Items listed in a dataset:

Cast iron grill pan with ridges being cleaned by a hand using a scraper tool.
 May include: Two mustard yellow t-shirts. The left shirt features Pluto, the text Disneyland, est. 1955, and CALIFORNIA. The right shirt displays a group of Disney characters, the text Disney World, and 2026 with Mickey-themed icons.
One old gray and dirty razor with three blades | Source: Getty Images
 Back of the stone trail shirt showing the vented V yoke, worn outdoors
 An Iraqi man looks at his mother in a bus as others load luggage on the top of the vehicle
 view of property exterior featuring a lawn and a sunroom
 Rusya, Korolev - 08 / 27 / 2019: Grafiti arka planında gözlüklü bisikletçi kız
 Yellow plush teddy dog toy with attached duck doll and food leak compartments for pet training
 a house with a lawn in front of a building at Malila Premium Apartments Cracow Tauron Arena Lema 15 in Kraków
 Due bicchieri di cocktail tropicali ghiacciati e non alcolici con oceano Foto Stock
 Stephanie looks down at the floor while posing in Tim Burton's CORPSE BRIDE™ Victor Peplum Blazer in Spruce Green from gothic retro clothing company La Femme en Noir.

Work to complete:
Give back all the records above exactly. Keep every word.

Written response:
Cast iron grill pan with ridges being cleaned by a hand using a scraper tool.
 May include: Two mustard yellow t-shirts. The left shirt features Pluto, the text Disneyland, est. 1955, and CALIFORNIA. The right shirt displays a group of Disney characters, the text Disney World, and 2026 with Mickey-themed icons.
One old gray and dirty razor with three blades | Source: Getty Images
 Back of the stone trail shirt showing the vented V yoke, worn outdoors
 An Iraqi man looks at his mother in a bus as others load luggage on the top of the vehicle
 view of property exterior featuring a lawn and a sunroom
 Rusya, Korolev - 08 / 27 / 2019: Grafiti arka planında gözlüklü bisikletçi kız
 Yellow plush teddy dog toy with attached duck doll and food leak compartments for pet training
 a house with a lawn in front of a building at Malila Premium Apartments Cracow Tauron Arena Lema 15 in Kraków
 Due bicchieri di cocktail tropicali ghiacciati e non alcolici con oceano Foto Stock
 Stephanie looks down at the floor while posing in Tim Burton's CORPSE BRIDE™ Victor Peplum Blazer in Spruce Green from gothic retro clothing company La Femme en Noir.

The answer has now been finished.